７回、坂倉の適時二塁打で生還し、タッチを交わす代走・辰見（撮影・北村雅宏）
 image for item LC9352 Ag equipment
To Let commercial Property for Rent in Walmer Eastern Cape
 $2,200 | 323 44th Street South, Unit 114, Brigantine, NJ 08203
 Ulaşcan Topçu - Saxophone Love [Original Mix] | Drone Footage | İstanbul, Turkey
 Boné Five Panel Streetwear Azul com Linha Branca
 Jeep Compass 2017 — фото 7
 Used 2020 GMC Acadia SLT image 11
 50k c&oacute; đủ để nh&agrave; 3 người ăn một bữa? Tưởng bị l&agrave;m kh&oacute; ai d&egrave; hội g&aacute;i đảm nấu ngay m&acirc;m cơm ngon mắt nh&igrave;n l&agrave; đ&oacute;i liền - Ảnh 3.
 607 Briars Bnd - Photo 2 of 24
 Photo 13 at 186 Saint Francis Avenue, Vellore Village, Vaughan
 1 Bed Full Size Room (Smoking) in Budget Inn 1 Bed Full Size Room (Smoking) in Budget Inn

Task to complete: In this exercise, reproduce the material word for word, in full.

Task response:
７回、坂倉の適時二塁打で生還し、タッチを交わす代走・辰見（撮影・北村雅宏）
 image for item LC9352 Ag equipment
To Let commercial Property for Rent in Walmer Eastern Cape
 $2,200 | 323 44th Street South, Unit 114, Brigantine, NJ 08203
 Ulaşcan Topçu - Saxophone Love [Original Mix] | Drone Footage | İstanbul, Turkey
 Boné Five Panel Streetwear Azul com Linha Branca
 Jeep Compass 2017 — фото 7
 Used 2020 GMC Acadia SLT image 11
 50k c&oacute; đủ để nh&agrave; 3 người ăn một bữa? Tưởng bị l&agrave;m kh&oacute; ai d&egrave; hội g&aacute;i đảm nấu ngay m&acirc;m cơm ngon mắt nh&igrave;n l&agrave; đ&oacute;i liền - Ảnh 3.
 607 Briars Bnd - Photo 2 of 24
 Photo 13 at 186 Saint Francis Avenue, Vellore Village, Vaughan
 1 Bed Full Size Room (Smoking) in Budget Inn 1 Bed Full Size Room (Smoking) in Budget Inn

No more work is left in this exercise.